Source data
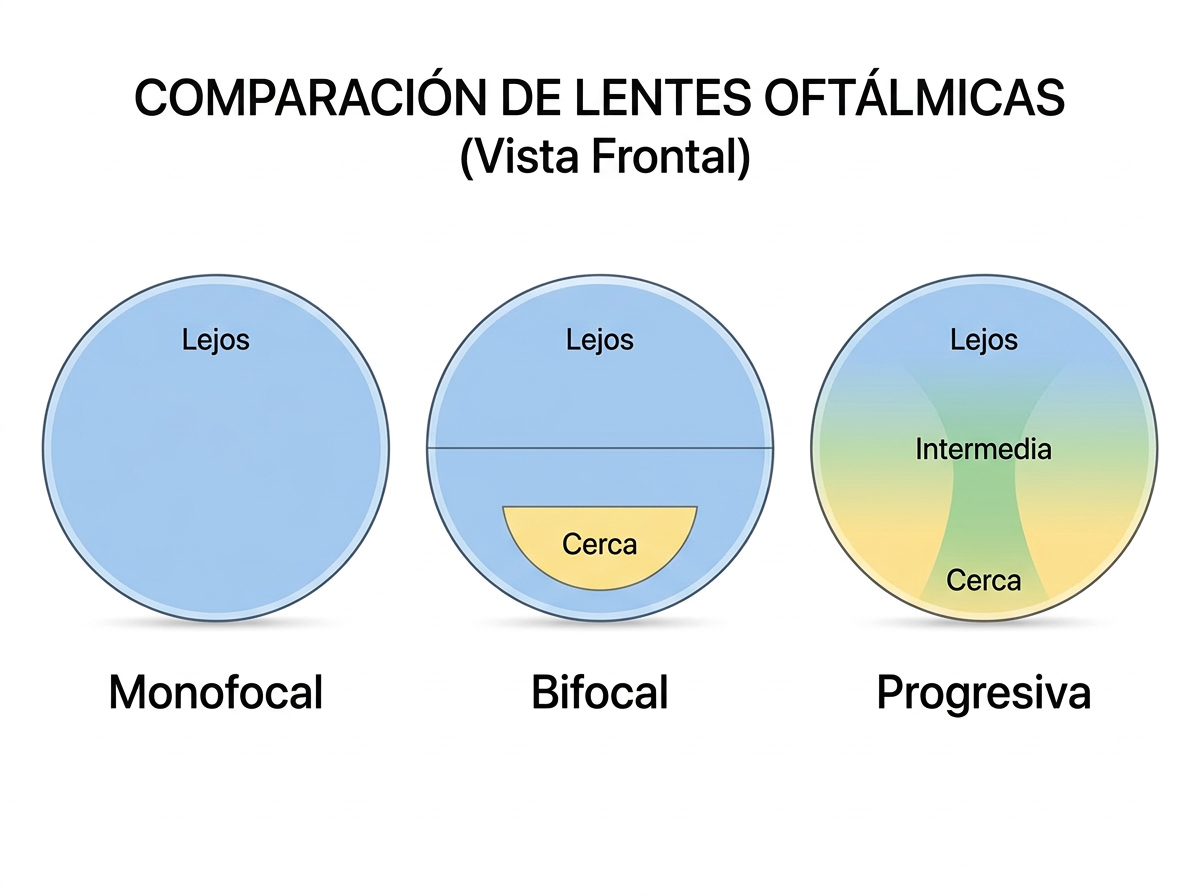 Comparativa de tipos de lentes: monofocal, bifocal y progresivo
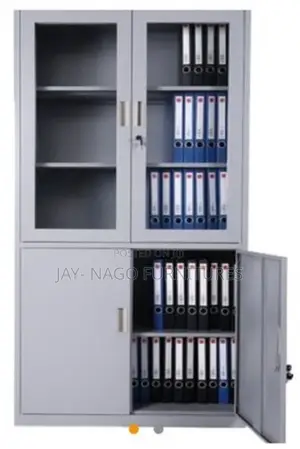 New Modern Half Glass and Metal File Cabinet Bookshelf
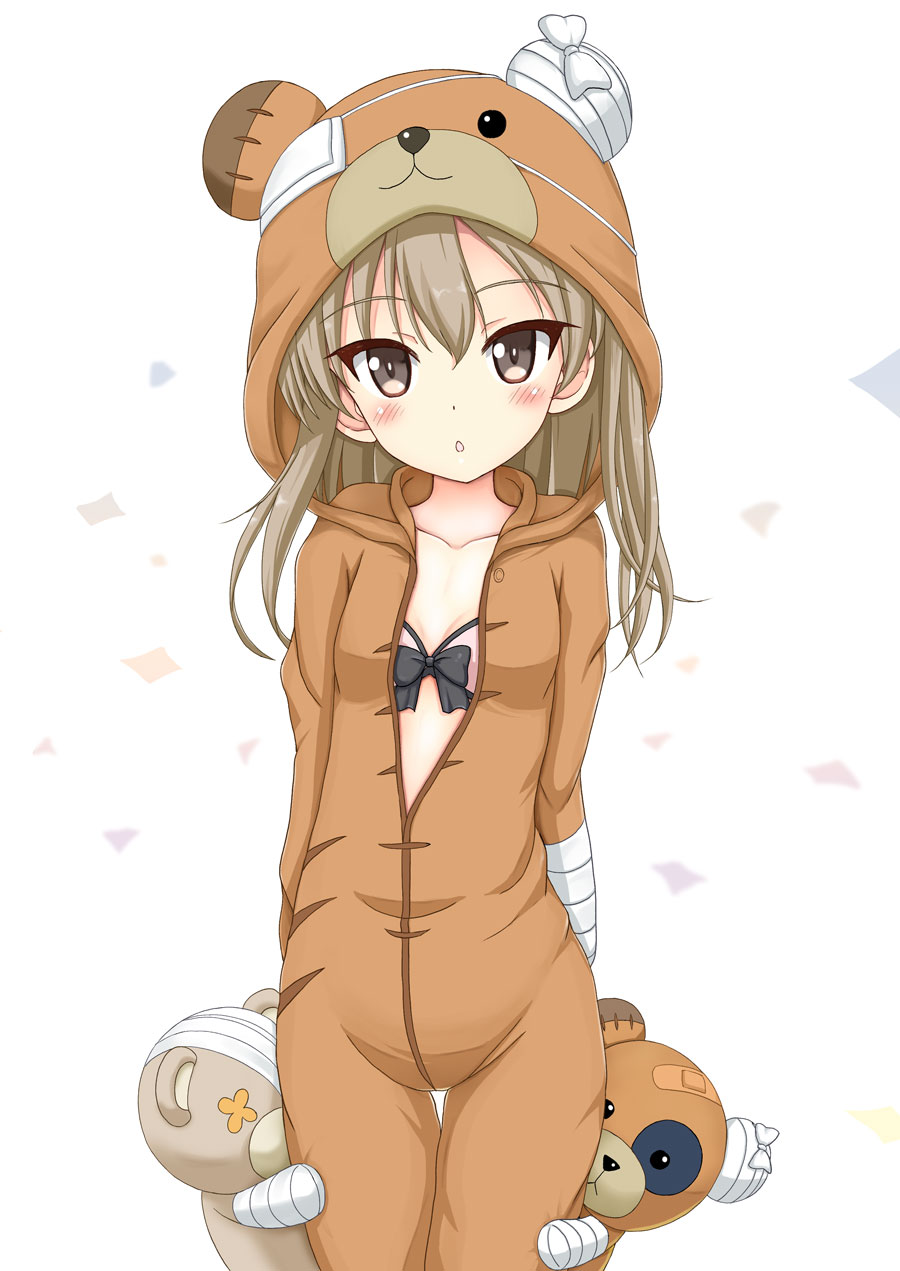 1girl, :o, animal_costume, animal_ears, animal_hood, bandaged_arm, bandages, bear_costume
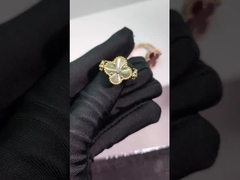 18K gelbes Gold, Agat, Diamant Vintage Alhambra Umkehrbarer Ring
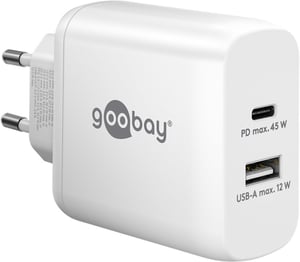 Goobay 65412 ładowarka do urządzeń przenośnych Słuchawki, Laptop, Smartfon, Tablet Biały Prąd przemienny Wewnętrzna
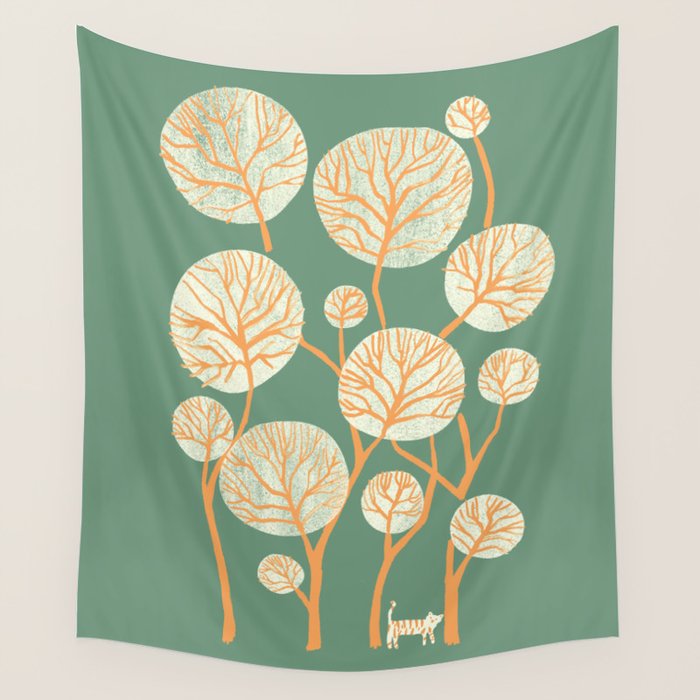 Deep in the jungle, the tiger roams Wall Tapestry Gallery Image 4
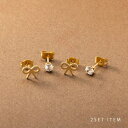CREAM-DOT 2点セット ステンレス製 ピアス 一粒ピアス 金属アレルギー つけっぱなし サージカルステンレス レディース リボン ビジュー スタッドピア...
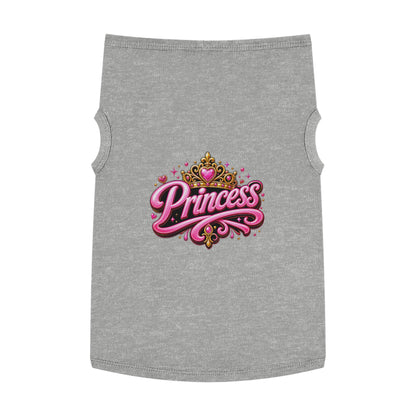 Princess Pet Tank Top - Pink Crown Graphic Dog Shirt, Cute Royal Pet Apparel for Small Dogs & Cats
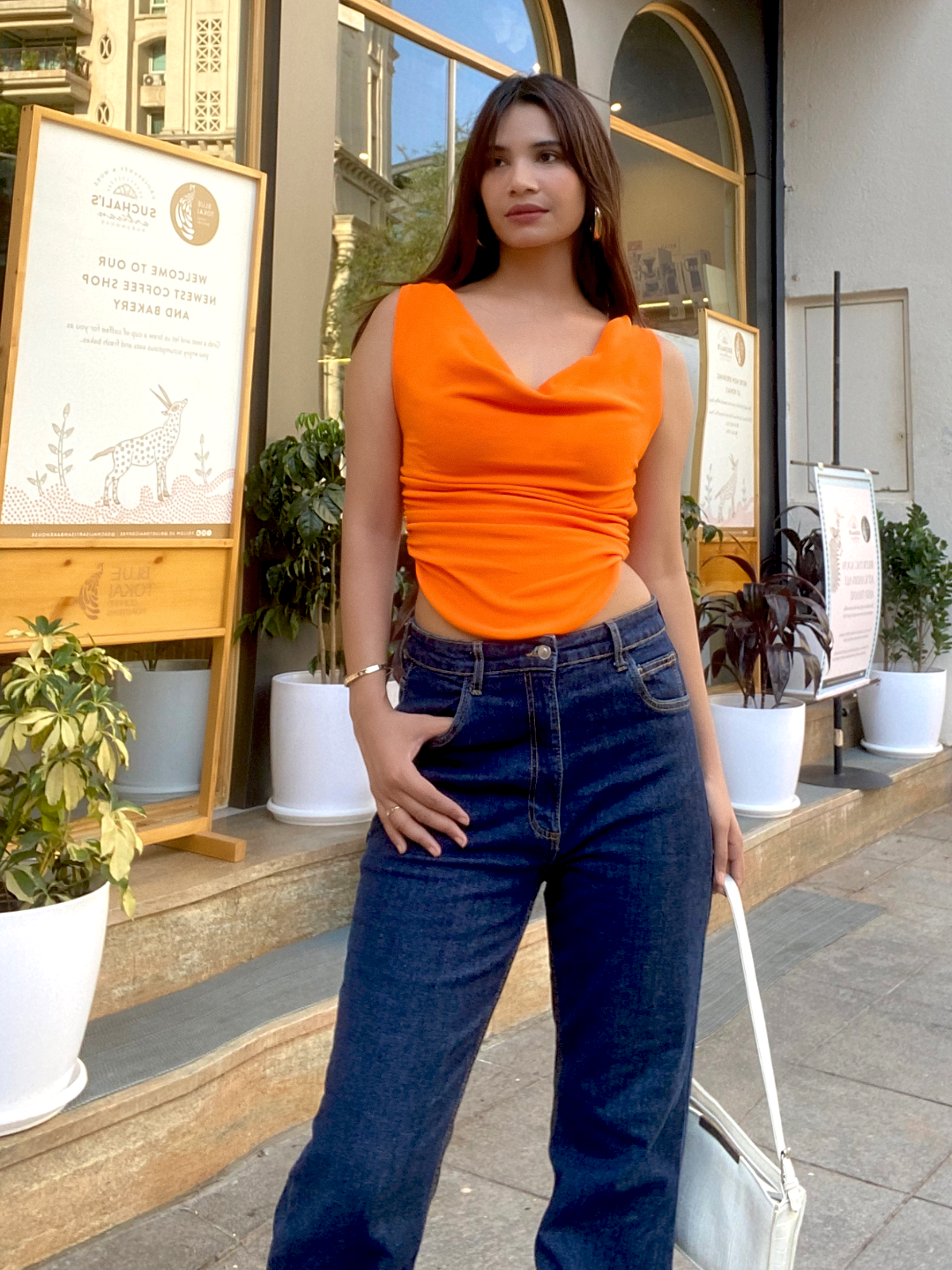 Cotton Stretchable Draped Crop Top Orange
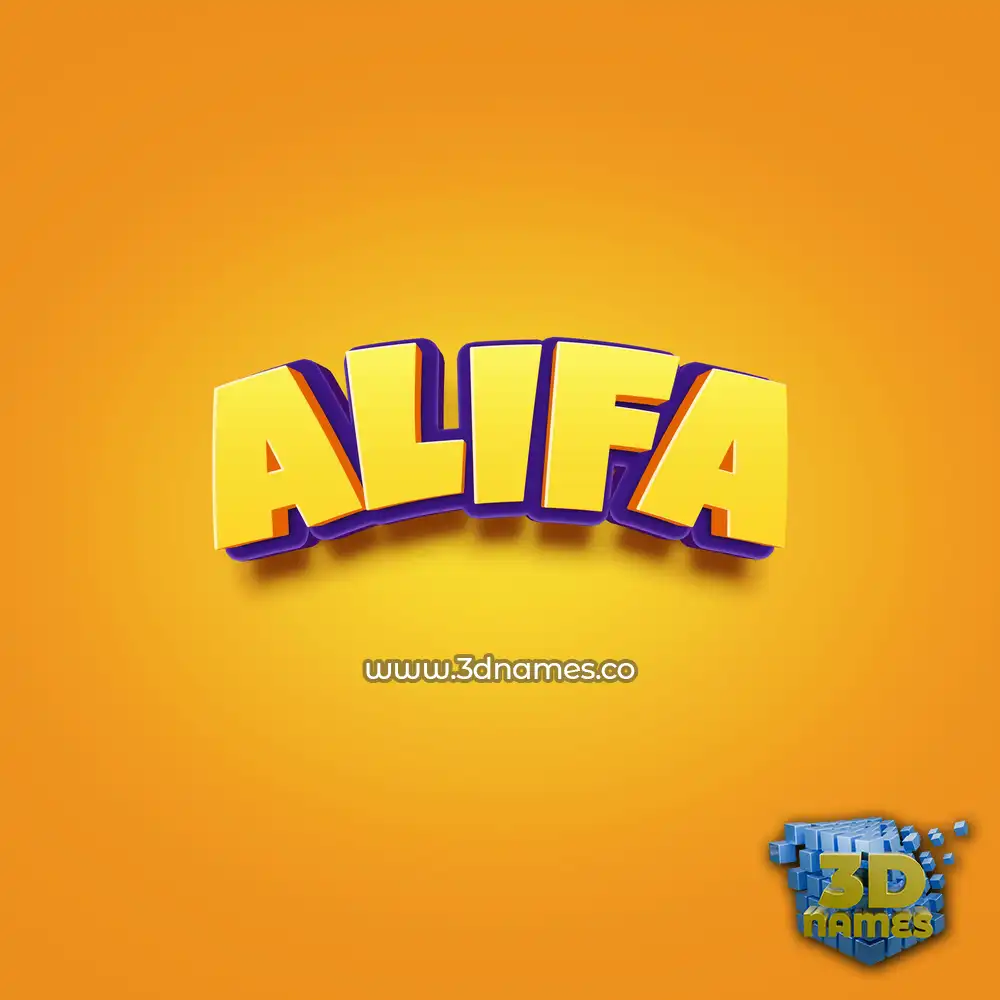 alifa in Orange Toon style - 3D name wallpaper
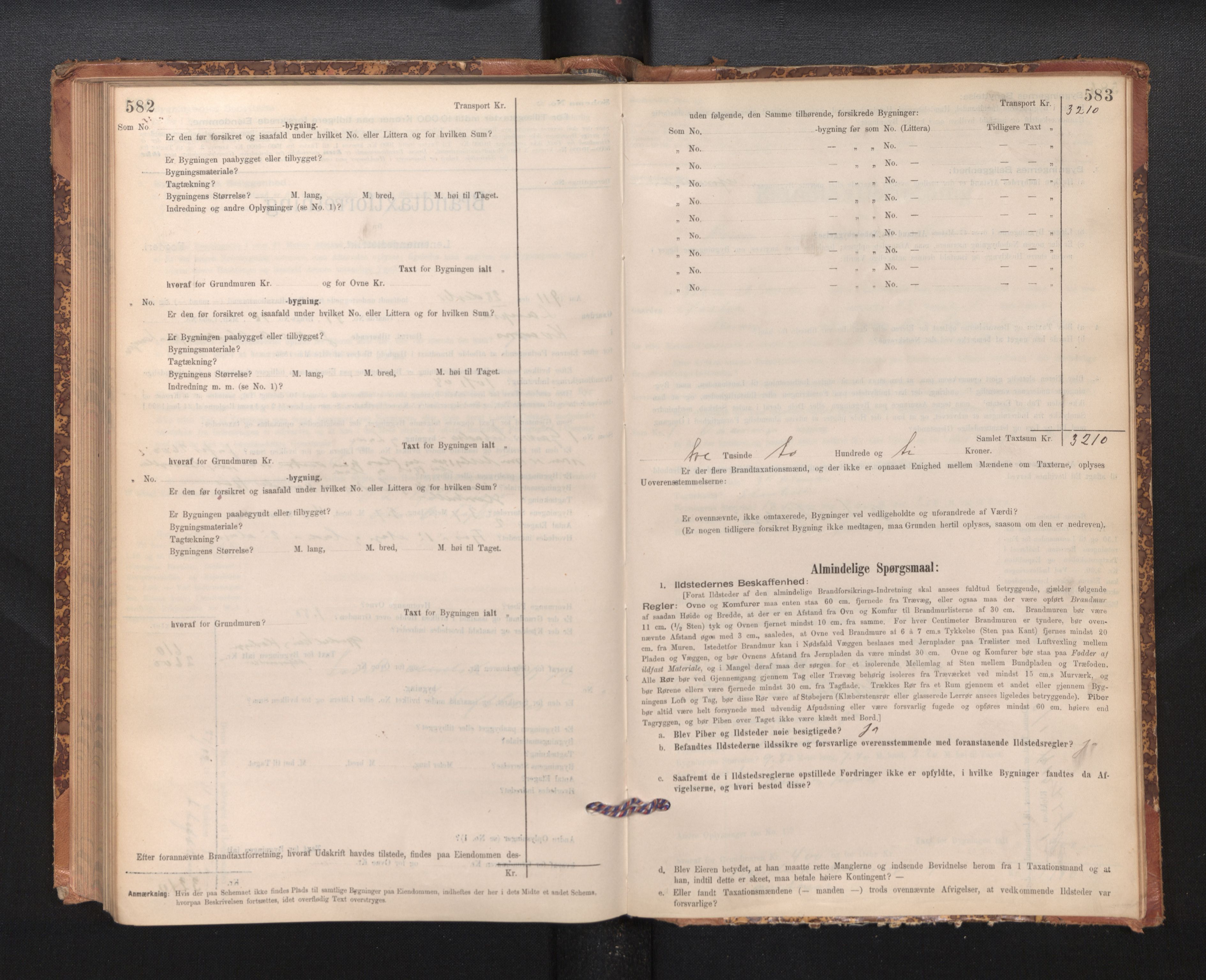 Lensmannen i Kvam, SAB/A-33201/0012/L0005: Branntakstprotokoll, skjematakst, 1894-1913, p. 582-583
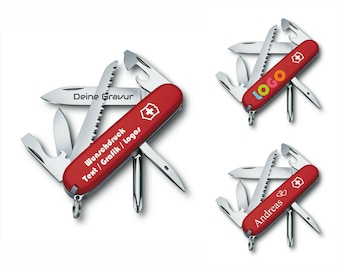 Victorinox Hiker con impresión/grabado deseado rojo regalo para hombres mujeres para cumpleaños personalizado 13 funciones 1.4613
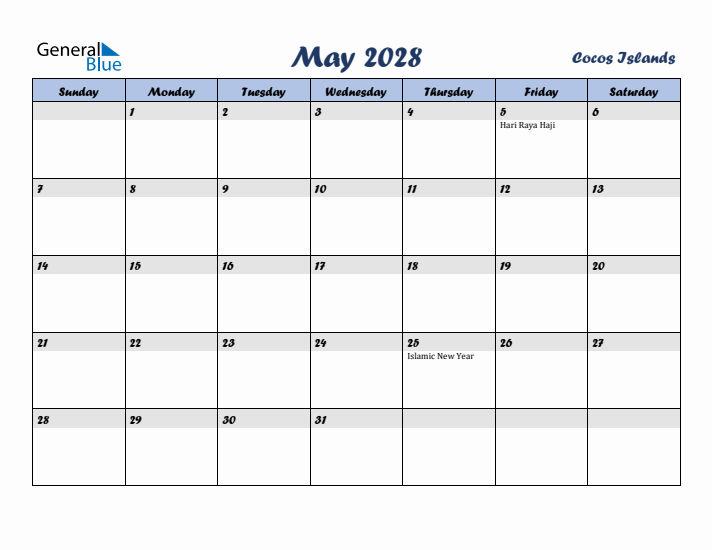 May 2028 Calendar with Holidays in Cocos Islands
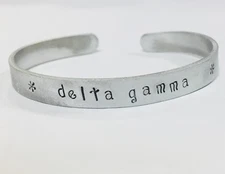 Delta Gamma DG FREE SHIPPING Sorority Greek handstamped cuff bracelet, Ann Peden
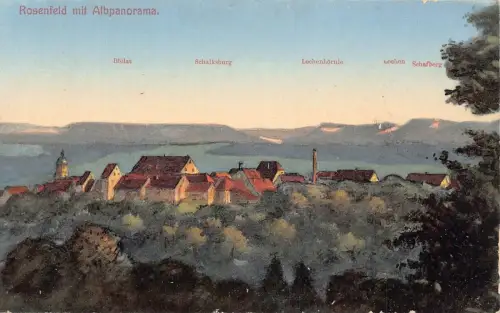 L202 Deutschland Rosenfeld Mit Albpanorama Berggipfel Häuser Postkarte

Task prompt: Where a line contains "Deep in the", begin there and transcribe every line through the last one of the records above, exactly and with no pictures.

Output for this exercise:
 Deep in the jungle, the tiger roams Wall Tapestry Gallery Image 4
CREAM-DOT 2点セット ステンレス製 ピアス 一粒ピアス 金属アレルギー つけっぱなし サージカルステンレス レディース リボン ビジュー スタッドピア...
 Princess Pet Tank Top - Pink Crown Graphic Dog Shirt, Cute Royal Pet Apparel for Small Dogs & Cats
 Cotton Stretchable Draped Crop Top Orange
 alifa in Orange Toon style - 3D name wallpaper
 Lensmannen i Kvam, SAB/A-33201/0012/L0005: Branntakstprotokoll, skjematakst, 1894-1913, p. 582-583
 Victorinox Hiker con impresión/grabado deseado rojo regalo para hombres mujeres para cumpleaños personalizado 13 funciones 1.4613
 May 2028 Calendar with Holidays in Cocos Islands
 Delta Gamma DG FREE SHIPPING Sorority Greek handstamped cuff bracelet, Ann Peden
 L202 Deutschland Rosenfeld Mit Albpanorama Berggipfel Häuser Postkarte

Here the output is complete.